Start of Dataset excerpts

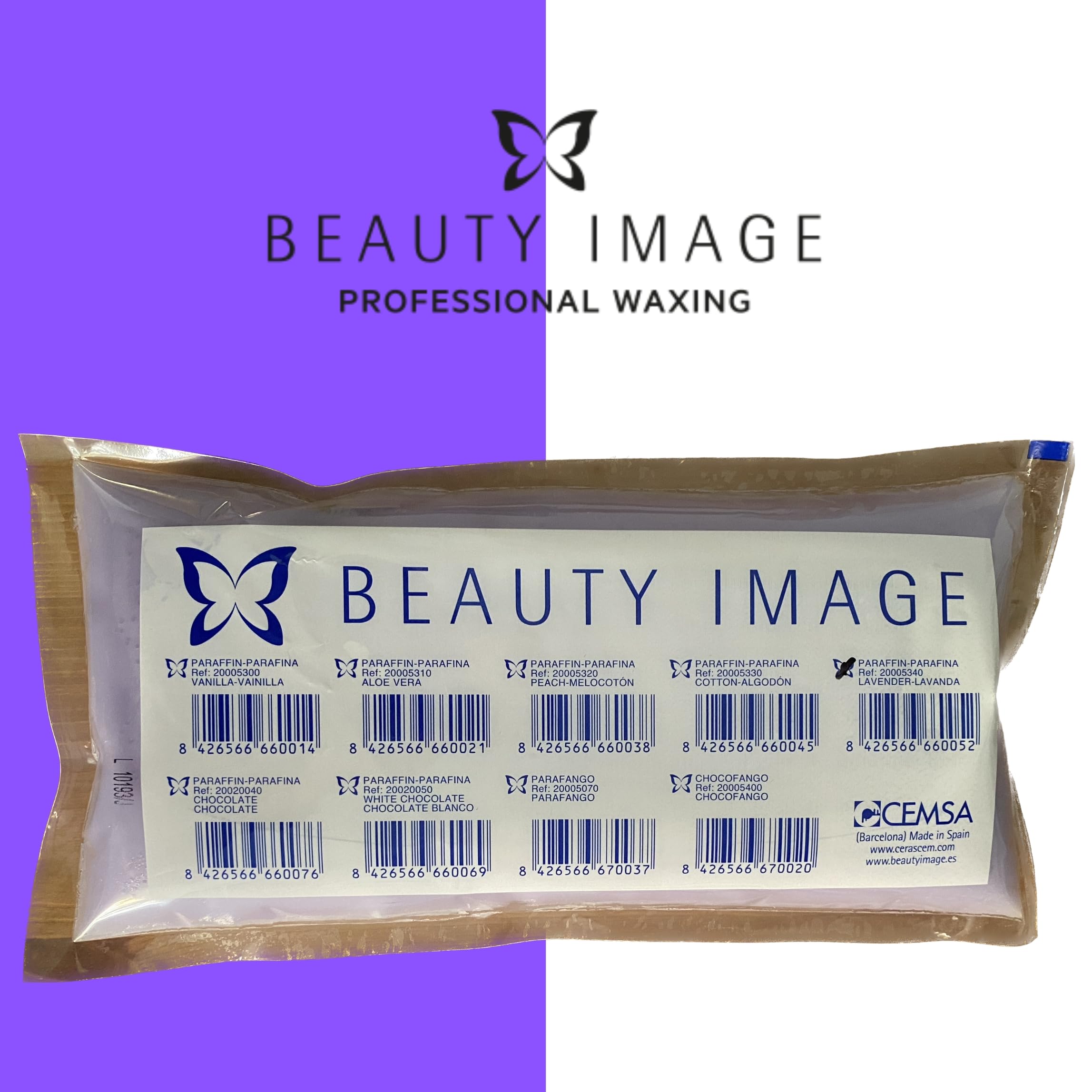 Beauty Image BI Paraffins con Oli Essenziali e Aroma di Lavanda - Idratazione di Lusso e Depilazione - Parafina per Mani e Piedi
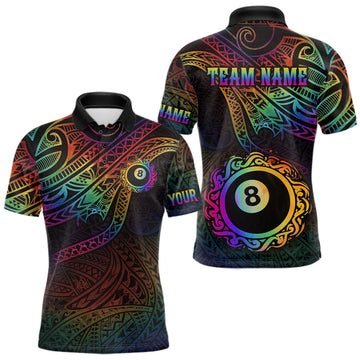 Maxcorners Personalized Blue & Silver Billiard 3D Shirts For Men Ball 8 Flame Billiard Jerseys For Gifts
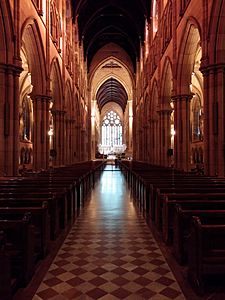 View of the Sanctuary from the crossing at St Mary's Cathedral, Sydney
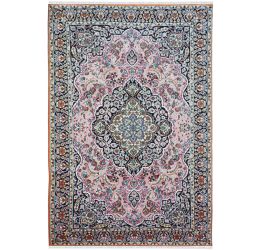 Floral Stamp Kashmiri Wool Area Rug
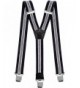 Decalen Suspenders Strong Braces Silver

End of Dataset excerpts

### Brief
Your answer must be an exact copy of the lines from the start of the entries through the line with "Maxcorners Personalized Blue", with no pictures.

### Exercise solution
 Beauty Image BI Paraffins con Oli Essenziali e Aroma di Lavanda - Idratazione di Lusso e Depilazione - Parafina per Mani e Piedi
 Maxcorners Personalized Blue & Silver Billiard 3D Shirts For Men Ball 8 Flame Billiard Jerseys For Gifts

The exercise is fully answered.